##### Input for this task
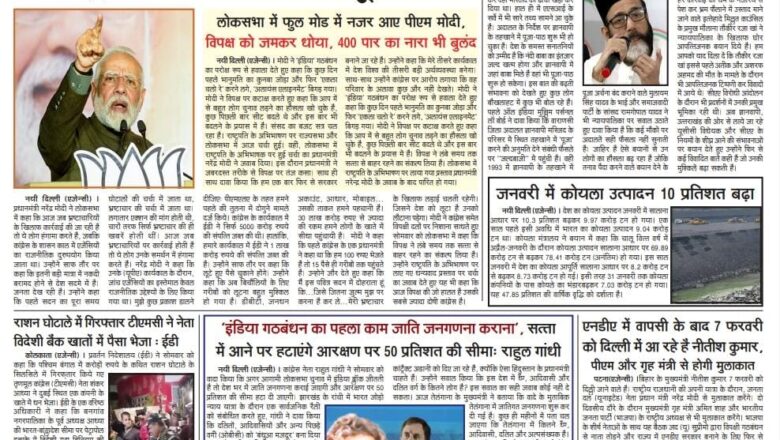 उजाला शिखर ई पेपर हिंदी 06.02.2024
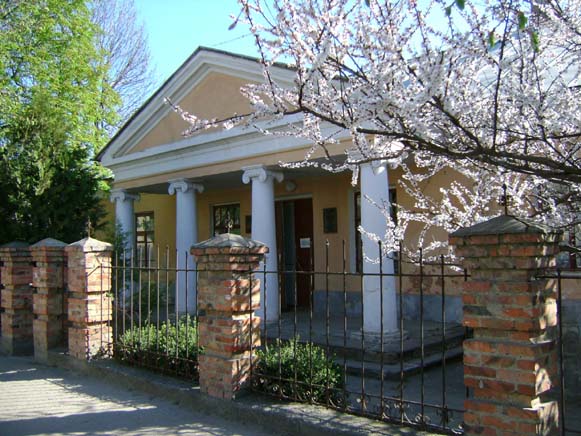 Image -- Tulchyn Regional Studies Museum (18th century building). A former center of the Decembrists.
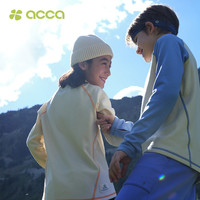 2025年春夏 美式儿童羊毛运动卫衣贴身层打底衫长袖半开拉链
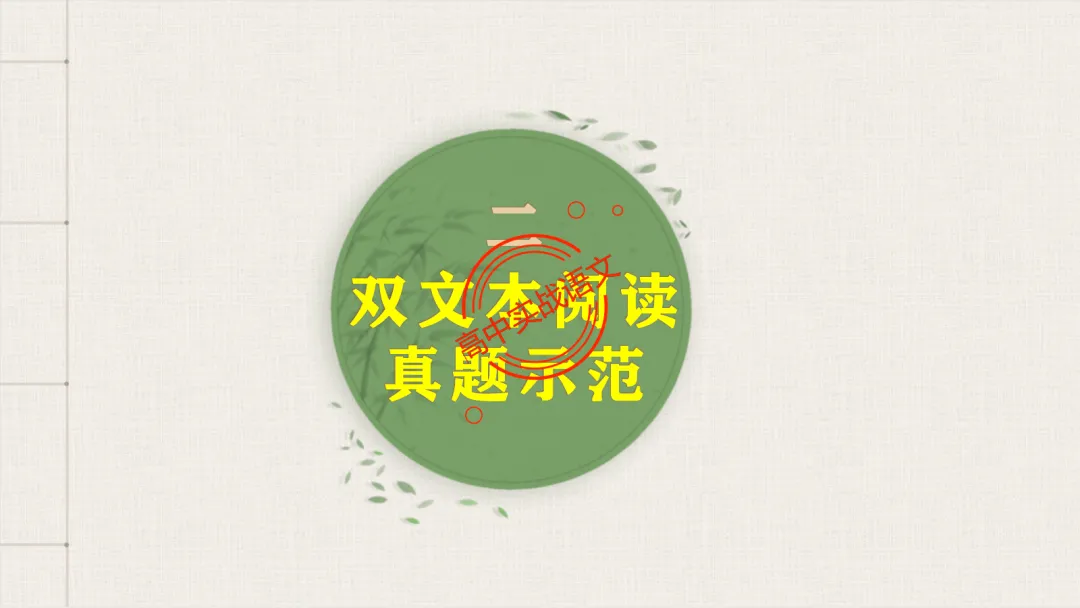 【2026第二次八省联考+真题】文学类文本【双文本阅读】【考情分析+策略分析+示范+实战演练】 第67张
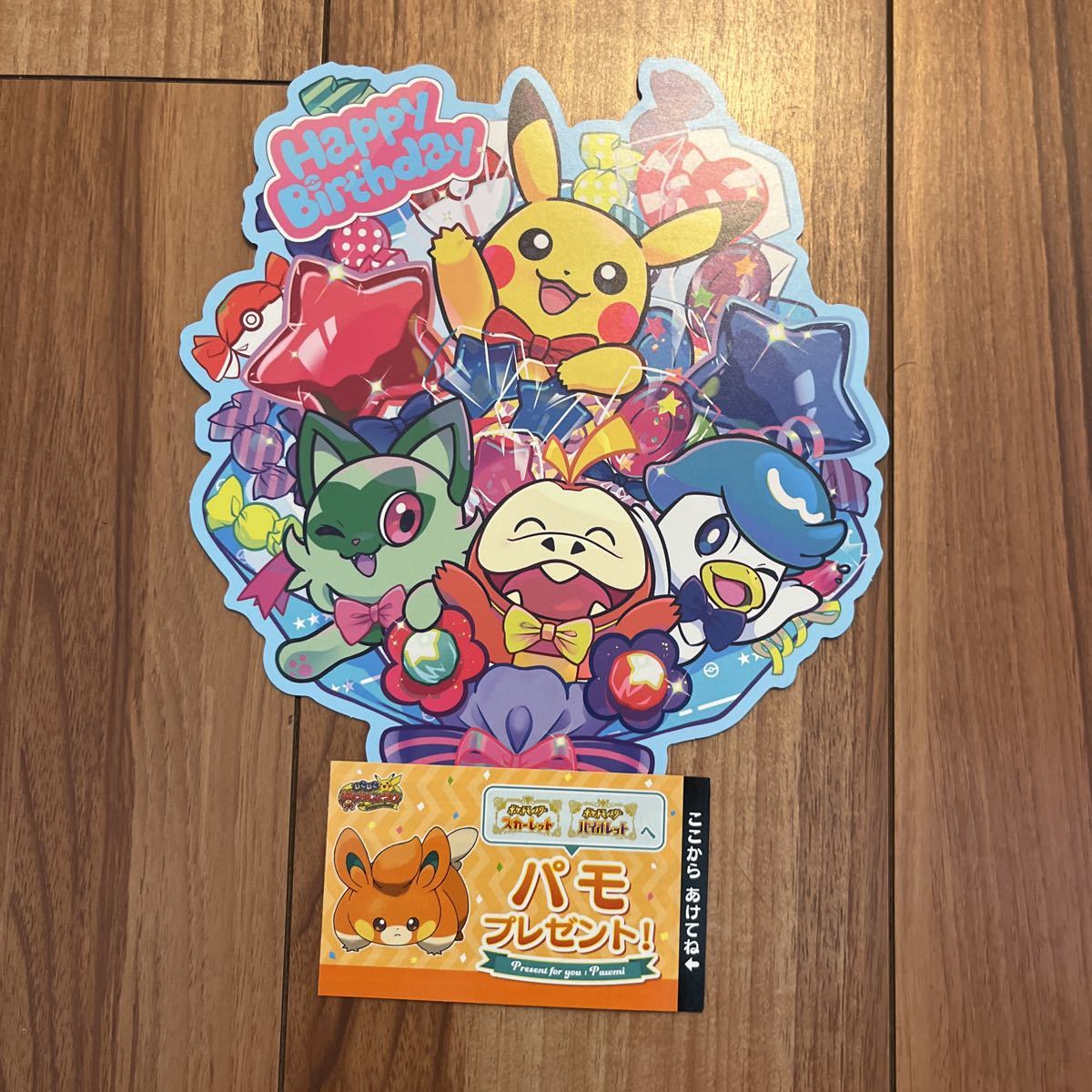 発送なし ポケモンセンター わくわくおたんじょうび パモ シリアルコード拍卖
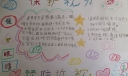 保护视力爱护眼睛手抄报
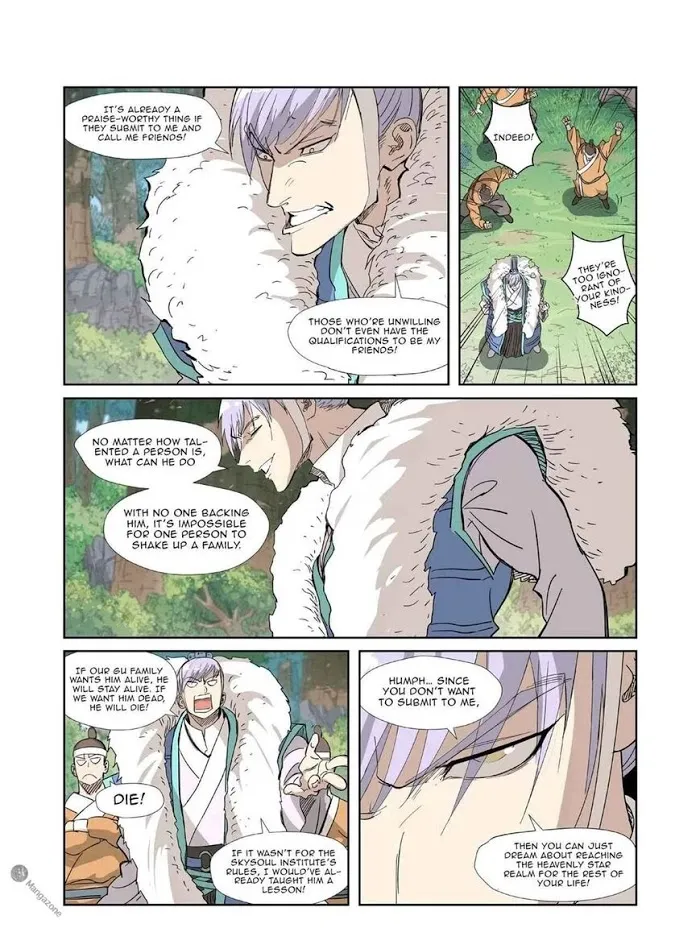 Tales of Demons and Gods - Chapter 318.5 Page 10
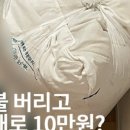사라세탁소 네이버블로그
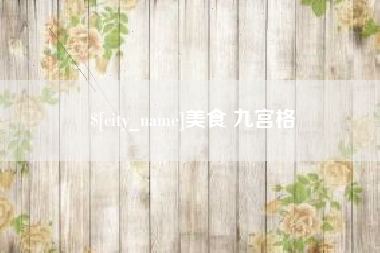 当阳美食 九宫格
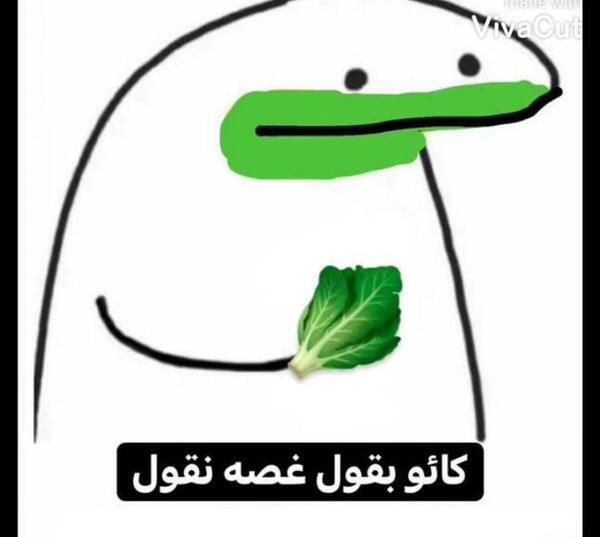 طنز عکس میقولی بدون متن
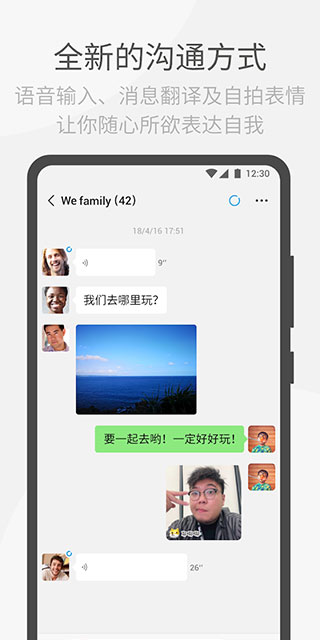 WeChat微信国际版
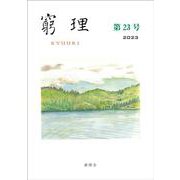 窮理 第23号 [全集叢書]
##########
### Exercise instructions
Pictures are to be left out; the listing above is otherwise to be copied exactly.

### Result for this exercise
 उजाला शिखर ई पेपर हिंदी 06.02.2024
 Image -- Tulchyn Regional Studies Museum (18th century building). A former center of the Decembrists.
 2025年春夏 美式儿童羊毛运动卫衣贴身层打底衫长袖半开拉链
 【2026第二次八省联考+真题】文学类文本【双文本阅读】【考情分析+策略分析+示范+实战演练】 第67张
 発送なし ポケモンセンター わくわくおたんじょうび パモ シリアルコード拍卖
 保护视力爱护眼睛手抄报
 Tales of Demons and Gods - Chapter 318.5 Page 10
사라세탁소 네이버블로그
 当阳美食 九宫格
 طنز عکس میقولی بدون متن
 WeChat微信国际版
 窮理 第23号 [全集叢書]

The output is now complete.